Many of their proprietary methods and techniques allow for Nike clubs to be produced with the highest levels of consistency imaginable, a trait this is crucial to the professionals who stake their livelihoods and careers on them, as well as for amateur golfers who simply want to get the most out of their game. All that is to say, Nike is no mere pretender paying their way into the business of golf club design and manufacturing. Quite the opposite. Their research and design teams possess experience and credibility in spades, and their legacies power every club that Nike builds. That sort of thing matters when you’ve got to carry 175 over water and you’re wondering if the club in your hand is up to the task. If you’re holding a Nike stick, the answer is going to be a yes.
In 2009, Nike athletes Lucas Glover and Stewart Cink both won their first career Majors – the US Open and the British Open, respectively. In fact, you may have seen the commercial in which they are goofing around with their trophies (it was filmed at The Oven). What’s especially impressive about those victories, from an equipment standpoint, is that each of them won with all 14 clubs in their bag, as well as their ball, made by Nike. Records suggest that no other manufacturer has even been able to claim that achievement in a Major victory, much less two in one year. That’s a pretty solid endorsement.
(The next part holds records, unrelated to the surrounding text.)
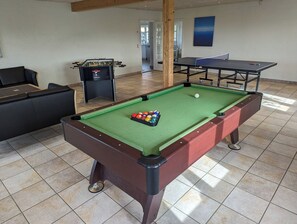 A pool table with balls, a foosball table, and a ping pong table in a room with tiled flooring and a wooden ceiling. - Hanklit holiday home, event & course venue (Nykøbing M)
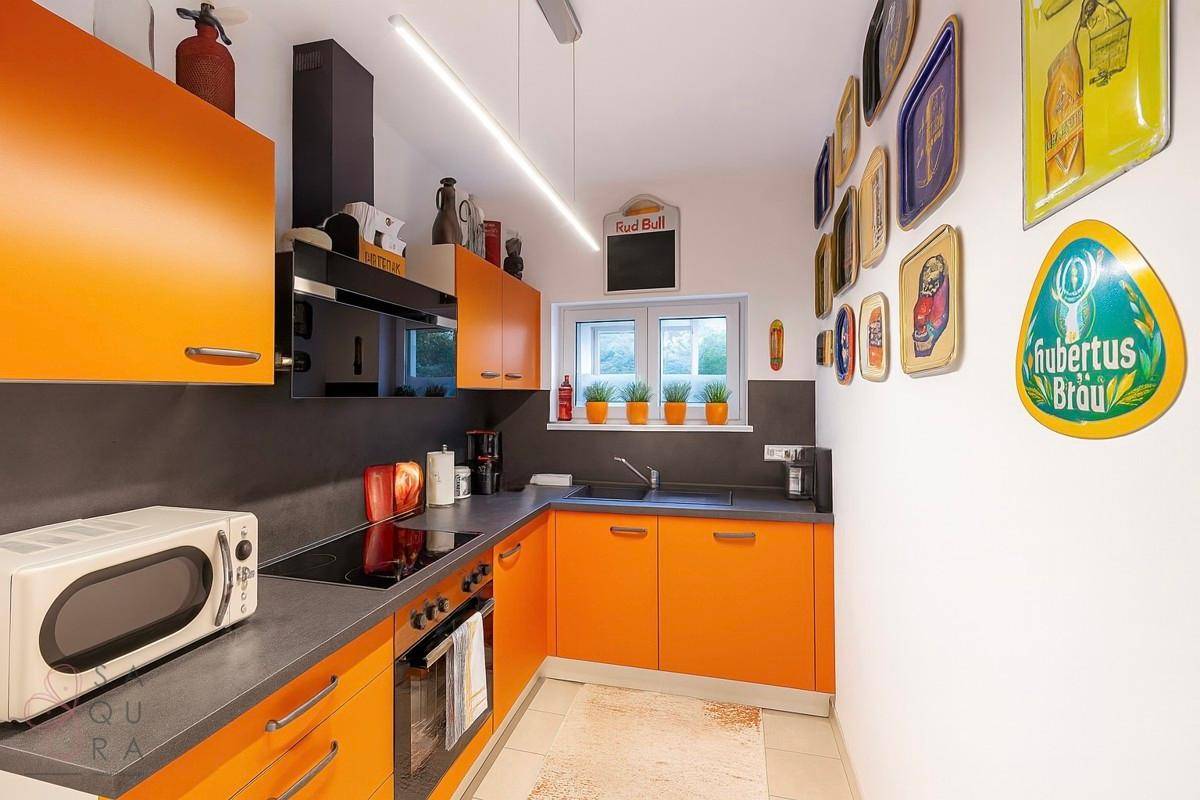 Moderne Küche mit orangefarbenen Schränken, dunkler Arbeitsplatte und Fenster.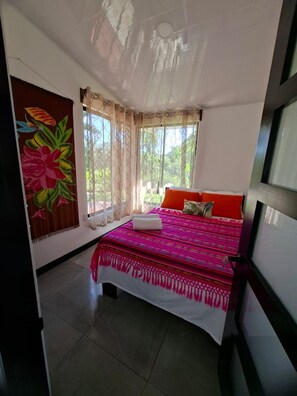 A bedroom with a bed, curtains, and a window. - NEW! Moody’s – Your Little Piece of Paradise (Savegre)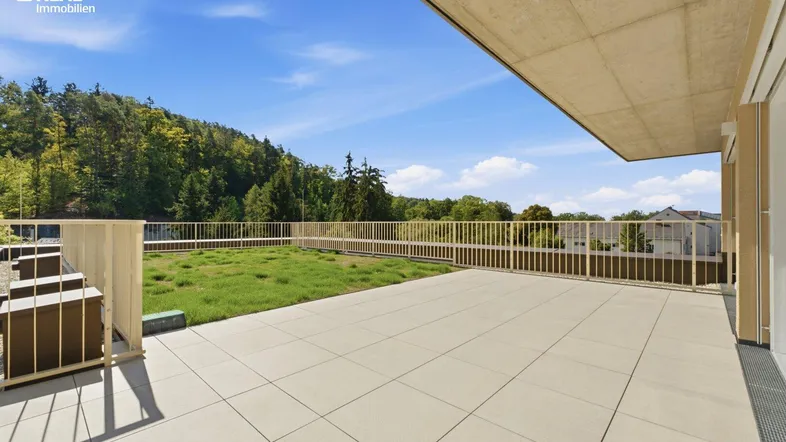 Große geflieste Terrasse mit Rasenfläche und weitem Blick ins Grüne.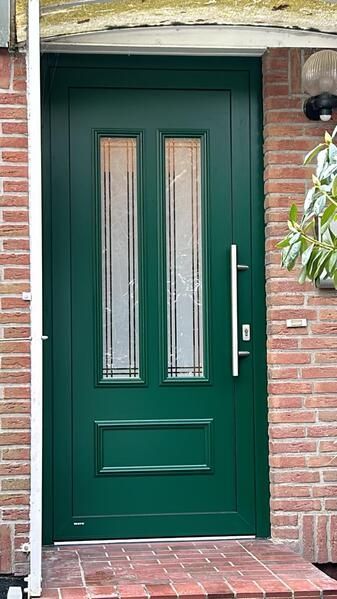 Eine grüne Haustür steht auf einer Backsteinmauer.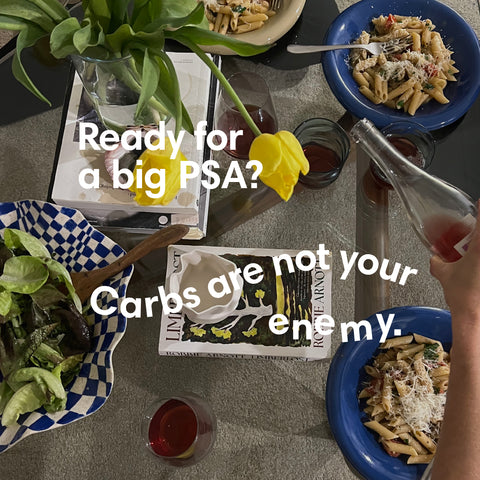 Image of a table with pasta bowls, with the headline: Carbs are not your enemy.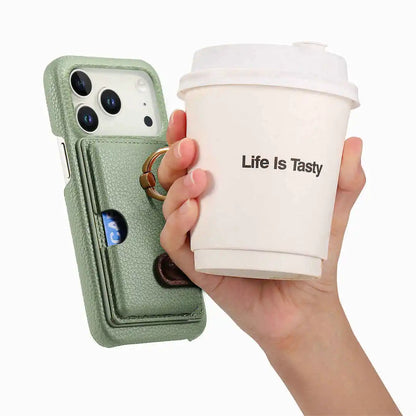 Hand holding a phone case with cup holder and a 'Life Is Tasty' coffee cup.
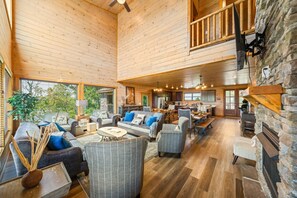 TV, fireplace, video games - Swim in the Clouds | Luxe 6BR Cabin w/ Views & Pool (Pigeon Forge)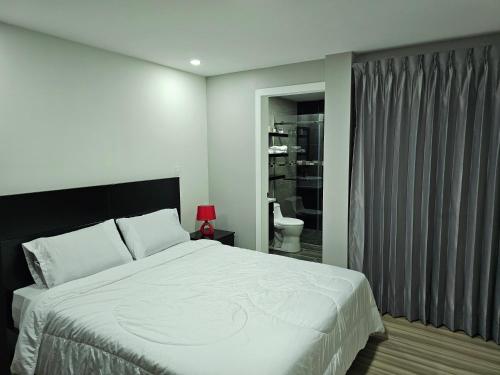 昆卡apartamento de lujo的一间带白色大床的卧室和一间浴室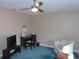 Bright bedroom featuring a ceiling fan, neutral walls, and a desk at 2909 Ne 25Th St, Ocala, FL 34470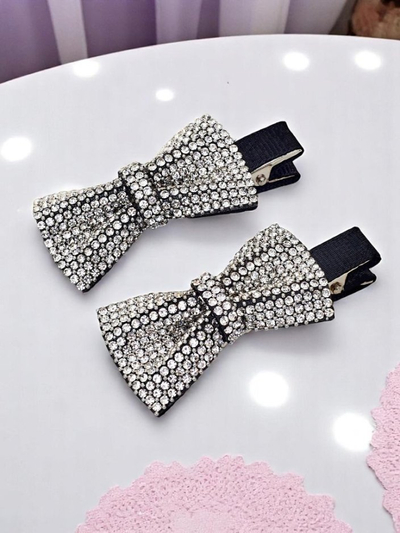 Royalfashion Set de 2 clame de păr cu fundițe și pietre strălucitoare Isadora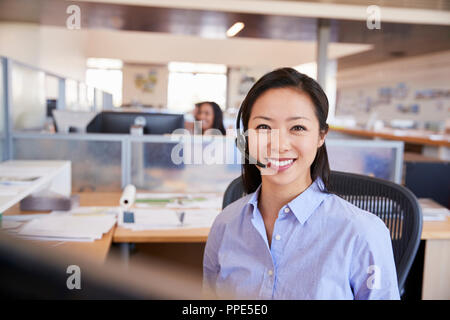 Young Asian woman travaillant dans un centre d'appel souriant pour appareil photo Banque D'Images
Back in the slick, modern lobby that greets you upon entering The Oven, several displays give you a sense of the progress Nike has made in the equipment business in the last decade. One particularly illustrative visual actually arranges the clubheads of every model of club that Nike has produced into chronological order. With the way things are going, they’re not far from needing a bigger lobby. Not content to rely on our surroundings to tell the tale, we asked Nike Golf’s Gretchen Wilhelm about the brand’s ultimate aim. She responded without hesitation, describing the company’s ambition. “To be the number one head to toe golf brand in the world.” From what we saw at The Oven, they’re most certainly cooking on that.